**WHAT NEEDS TO BE DONE**. What is needed is a faithful transcription of all the data below, pictures excluded.

**PROVIDED MATERIAL**.
# # # # # # #
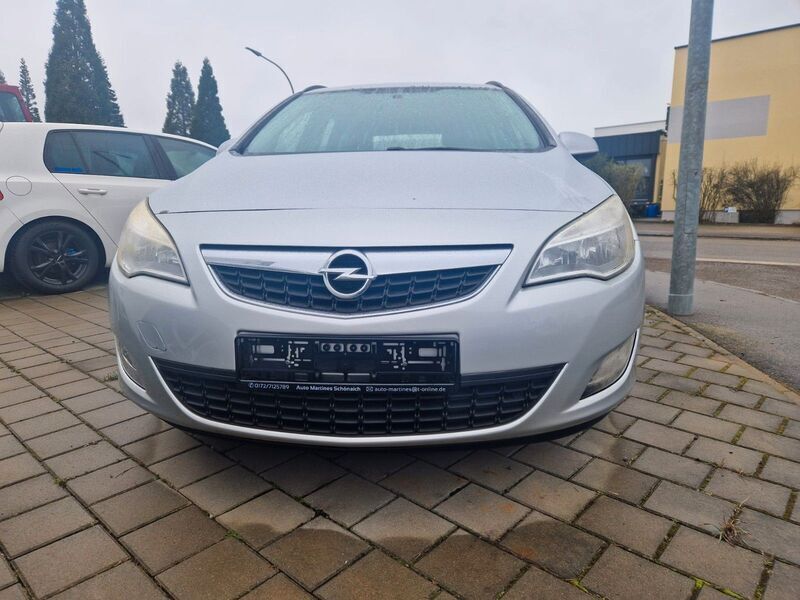 Gebraucht Opel Astra Edition 110 PS (80 kW) 2012 Silber Kombi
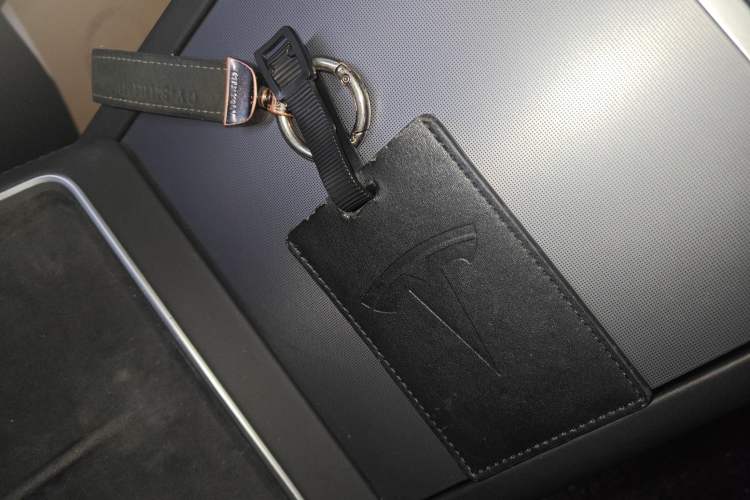 Used Tesla Model Y 2025 Rear-Wheel-Drive Version
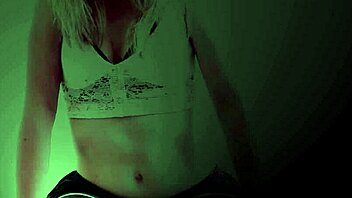 European webcam babe gets creampied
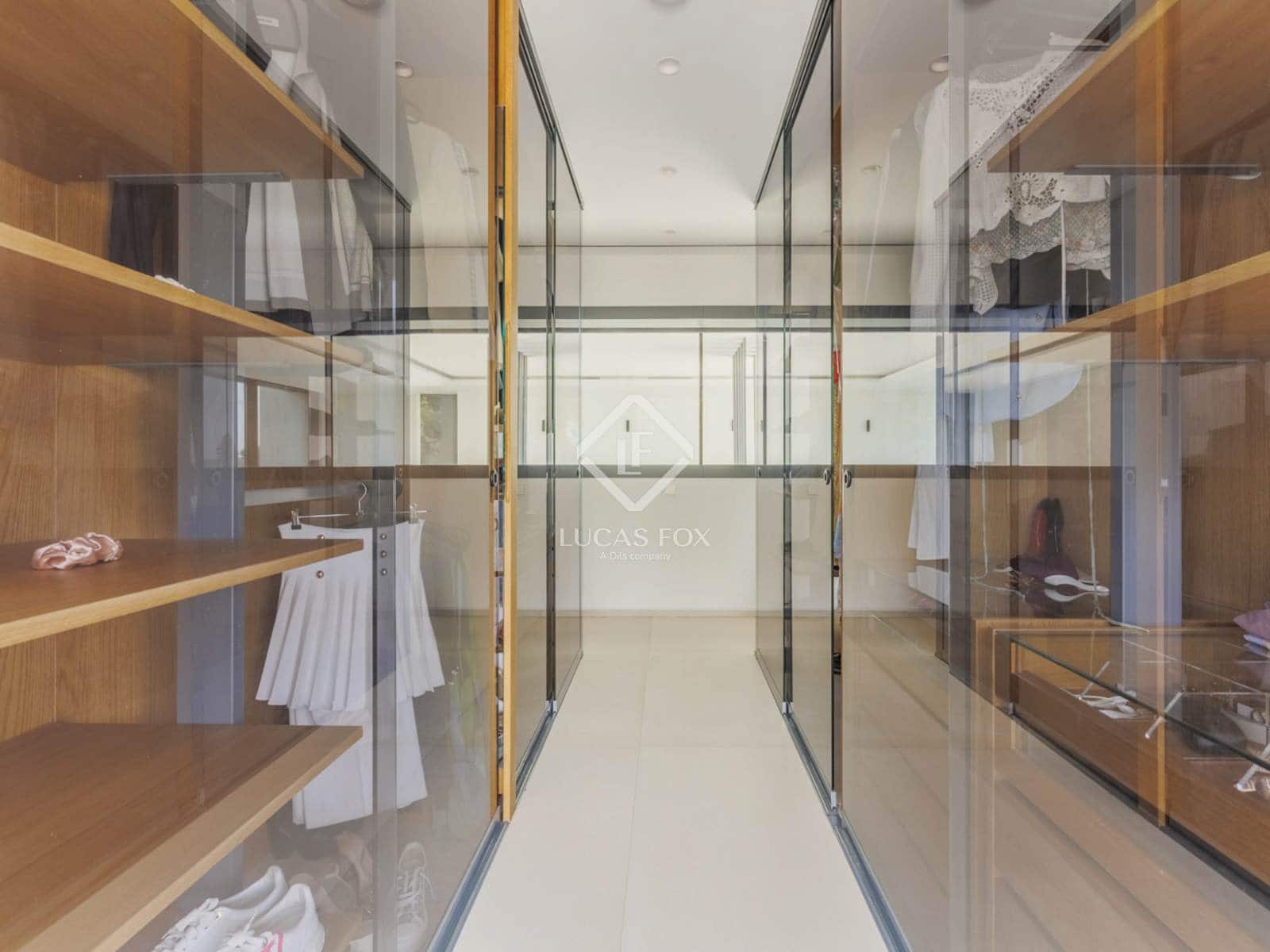 5 soveværelse Villa til leje i Pozuelo de Alarcon med swimmingpool garage - € 20.000 (Ref: 9115264)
# # # # # # #
**COMPLETED EXERCISE**.
 Gebraucht Opel Astra Edition 110 PS (80 kW) 2012 Silber Kombi
 Used Tesla Model Y 2025 Rear-Wheel-Drive Version
 European webcam babe gets creampied
 5 soveværelse Villa til leje i Pozuelo de Alarcon med swimmingpool garage - € 20.000 (Ref: 9115264)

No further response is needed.